SpaceX has announced the successful launch of its MethaneSAT emissions monitor, detaching from the SpaceX Transporter-10 to enter orbit around Earth. The satellite is designed to protect Earth’s climate by detecting methane emissions in oil and gas operations. MethaneSAT detached from the transporter just after 4:00pm PT on Monday, March 5.

MethaneSAT was developed by a subsidiary of the Environmental Defense Fund (EDF) and will detect and quantify total methane emissions over wide regions of the Earth’s surface—previously unattainable by other satellites. Data from MethaneSAT will allow companies and regulators to track emissions and give stakeholders free, near real-time access to the data. Citizens, governments, and investors will also have the ability to compare the results to emissions goals and obligations.

“Cutting methane pollution from fossil fuel operations, agriculture and other sectors is the single fastest way to slow the rate of warming as we continue to decarbonize our energy systems,” said EDF President Fred Krupp. “To do that requires comprehensive data on this pollution on a global scale. MethaneSAT will show us the full scope of the opportunity by tracking emissions to their source.”


Krupp announced the MethaneSAT at a 2018 TED Talk as part of the TED Audacious Project. EDF published a series of 16 independent studies that showed emissions across the U.S. oil and gas supply chain were 60% higher than EPA estimates at the time. The MethaneSAT is a direct result of the EDF’s published results.

Orbiting the Earth 15 times a day, MethaneSAT will measure changes in methane concentrations as small as three parts per billion. High sensitivity, high resolution, and a wide field of view will enable MethaneSAT to see the entire emissions picture. Interactive emissions data will be available on the MethaneSAT website and on the Google Earth Engine. The satellite was made possible by the support of EDF donors and a partnership with the Government of New Zealand.

“MethaneSAT’s superpower is the ability to precisely measure methane levels with high resolution over wide areas, including smaller, diffuse sources that account for most emissions in many regions,” said Steven Hamburg, EDF Chief Scientist and MethaneSAT project leader. “Knowing how much methane is coming from where and how the rates are changing is essential.”

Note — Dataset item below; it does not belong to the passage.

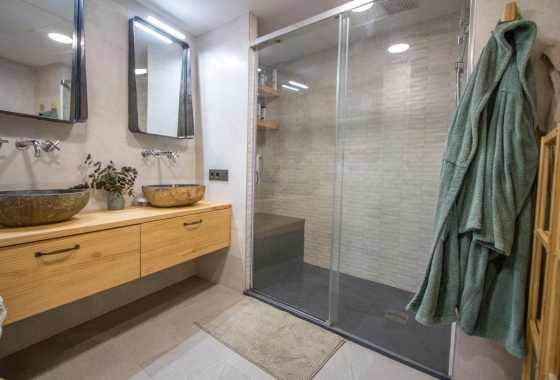 Resale - Apartment / flat - Alicante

Among the largest donors to MethaneSAT are the Bezos Earth Fund, Arnold Ventures, the Robertson Foundation, and the TED Audacious Project. In December of 2023, EDF joined with Bloomberg Philanthropies, The International Energy Agency, RMI, and the UN Environment Program’s International Methane Emission Observatory on an initiative to hold companies and governments accountable for their methane management.

In addition to detecting methane emission sources and rates for a given region, MethaneSAT will make it possible to compare emission loss rates across major oil and gas areas and performance over time. Specially developed analytics will trace these emissions back to the source within major target regions.

“You can’t manage what you can’t measure, and that’s certainly true when it comes to cutting methane, one of the biggest drivers of climate change,” said Michael R. Bloomberg, UN Secretary-General's Special Envoy on Climate Ambition and Solutions and Founder of Bloomberg LP and Bloomberg Philanthropies. “Data from this satellite will help us to better measure methane emissions and target their sources, bringing more transparency to the problem, giving companies and investors the information they need to take action, and empowering the public to hold people accountable.”

EDF also partnered with Harvard University’s School of Engineering and Applied Sciences, the Smithsonian Astrophysical Observatory, and the New Zealand Space Agency. The combined mission team has over 70 experts worldwide with experience in spaceflight, remote sensing, and data analytics. MethaneSAT was built in Colorado by the Space & Missions Systems unit of BAE Systems and Blue Canyon Technologies.